Pioneer Works’ new bookstore in Red Hook, which had its grand opening on Tuesday night, is a remarkably small shop. Maybe the size of a very bitty studio apartment. “Wait, is this is? Or do you have back-stock somewhere?” we asked Zach White, the shop clerk. He laughed. “Nope, this is pretty much it.” But that’s kind of the point. “It’s almost like an installation, in a sense, because it’s so small and ever changing,” Zach explained. “I don’t feel like it will ever be a place for ‘I’m looking for this book, maybe Pioneer Books has it’ — instead you’ll come here and know that a book is gonna find you.”
Besides Intercourse, Pioneer Works’ biannual magazine dedicated to “extending the conversation happening at Pioneer Works,” you won’t find multiple copies of books here, but you will find a very small yet very intriguing selection of reads. Rather than big expensive art books (“we’re trying to stay away from that,” Zach explained) Pioneer Books stocks new and used books with subject matter that Zach described as “anything that speaks to creative practice somehow, from philosophy to occultism.” I flipped through a copy of Barthes’ Camera Lucida and soaked up the trippy illustrations through a book on ayahuasca.
As to be expected, the shop also has some selections from Pioneer Works resident artists and a long display case in the center devoted to book-sized works of a particular artist. And opening a bookshop makes sense for the arts organization, not only for the sake of marketing Intercourse, a hefty magazine now in its third issue, but because PW has plans to expand on its own small press, which puts out art books and chapbooks by artists involved with the organization.
But the shop isn’t solely or even mostly about PW’s books. There’s a modest wall spotlighting a rotating small local press. Right now it’s dedicated to Ugly Duckling Presse. The shop also has a nice selection of zines put out by local zine makers and lit mags. Look below the register and you’ll see a few kids books, conveniently located at kid height.
Overall, Pioneer Books has a neighborhoody vibe. Zach lives nearby and said he’s personally excited about having a bookshop close to him and thinks other Red Hook residents will feel the same. “We may not have a lot here, but you can come in and I’ll order whatever you want,” he said.

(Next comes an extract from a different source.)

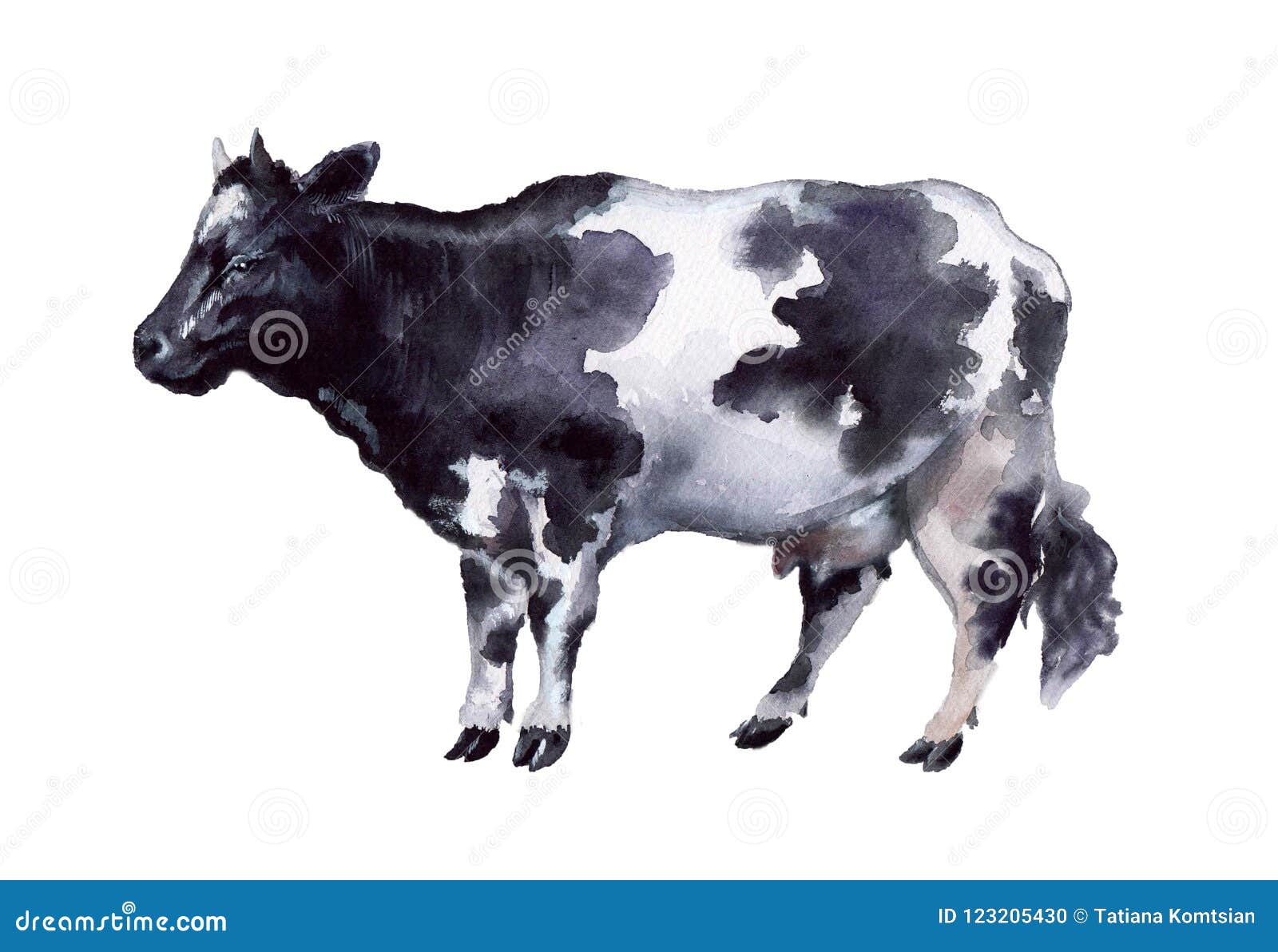 Корова акварели на белой предпосылке Иллюстрация штока - иллюстрации  насчитывающей смотреть, приветствие: 123205430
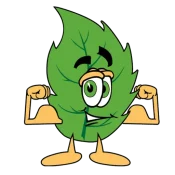 cropped-leaf-guy-anlts-icon-transparent-750x750-copy.png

There’s even a curious zine called You. I picked it up to find it blank. “That’s put out by a local lady, she lives like two blocks away,” Zach explained. “If you buy the zine, we’ll text her– she’s not around all the time, but if she is, she’ll come over and draw your portrait.” But this isn’t just any portrait, it’s a blind drawing. “She won’t break eye contact with you as she draws,” Zach said. “It can be really intense.”
The shop sits about a block from Pioneer Works proper (which, by the way, is hosting an epic Dead Moon show this weekend). “Obviously this is the main drag,” Zach said of Van Brunt Street. “But often visitors won’t know that Pioneer Works is like, right there.” The bookshop, then, is a way to draw attention to the arts organization’s physical location and keep people in the know about what’s happening just beyond their view.
Strangely enough, the shop is a front (in the most literal sense) for Nanotronics, a nanotechnology company that occupies the rest of the building. “They didn’t necessarily want people peeking in through the front windows on what they’re doing,” Zach explained. Wowey. Is this some black-ops Edward Snowden thing? Right here in Red Hook? Disappointingly no, it’s just that the equipment is hyper-sensitive. While we were browsing a Nanotronic employee emerged from seemingly out of nowhere, but when we looked we realized there was a small hidden door in the corner.
So if chill times, great books, and nanotechnology intrigue are of interest to you, definitely head straight to Pioneer Books asap.
Check out Pioneer Books, located at the corner of Pioneer Street and Van Brunt Street in Red Hook, open Wednesday through Sunday noon to 6 pm.